Last year, after grow season ends, I found some tubers which were not harvested, after 3-4 weeks, during plowing, middle of November, after first frost and everything harvested in my garden. Found tubers were in very good condition.

As I am getting big troubles to store them, I wonder if I can leave them not harvested in the ground? Leaves will be destroyed by frost, but if the ground will not be frozen, will they survive longer, like 2-3 months in the ground?

I'm expecting only small frost, otherwise I am able to prevent soil from freeze at the depth where tubers are located.

What do you think?

2 Answers 2


Assuming you don't have subsurface vermin issues (in-ground is the way I learned to store carrots - but our carrots and beets were both savaged by burrowers this year before harvest, so storing them there was not an option) That can work.

Variations (without getting into root cellars...) range from leaving them where they are, leaving them where they are with straw or something piled on top to minimize frost penetration, or dig up and rebury in a (possibly smaller, possibly wire-mesh protected from vermin) location, with or without additional frost protection as required.
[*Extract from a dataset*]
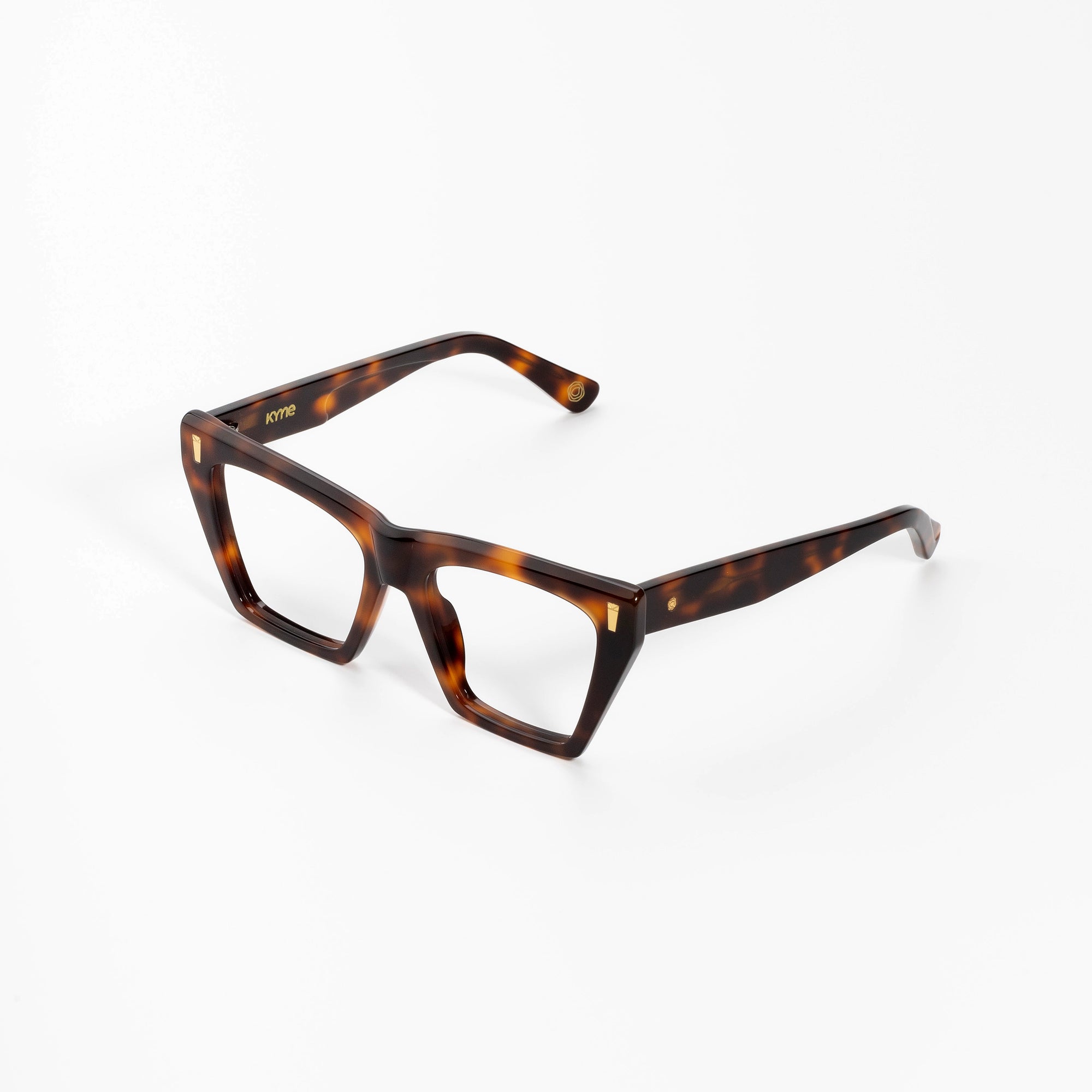 Kyme Eyewear Kyme Zara Dark Avana Sunglasses - Premium Handmade Italian Eyewear. Color Dark Avana, Size Medium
  • I'm pretty sure I am able to protect them from frost in the ground. I can put bunch of soil above and even cover it with leaves or straw. No way any frost is going to penetrate it deep enough to freeze roots leaved where they are. However, expected temperature inside is still quite low, like 2-4 °C and also, soil is very wet Oct 19, 2022 at 9:13
  • From what I saw till now. After one week purple variety looks to be decayed in ground. But white flesh and skin ones are still good. It seems it highly depends from variety Oct 24, 2022 at 8:22

To answer my question. Result: failure. Roots destroyed completly. Nothing left.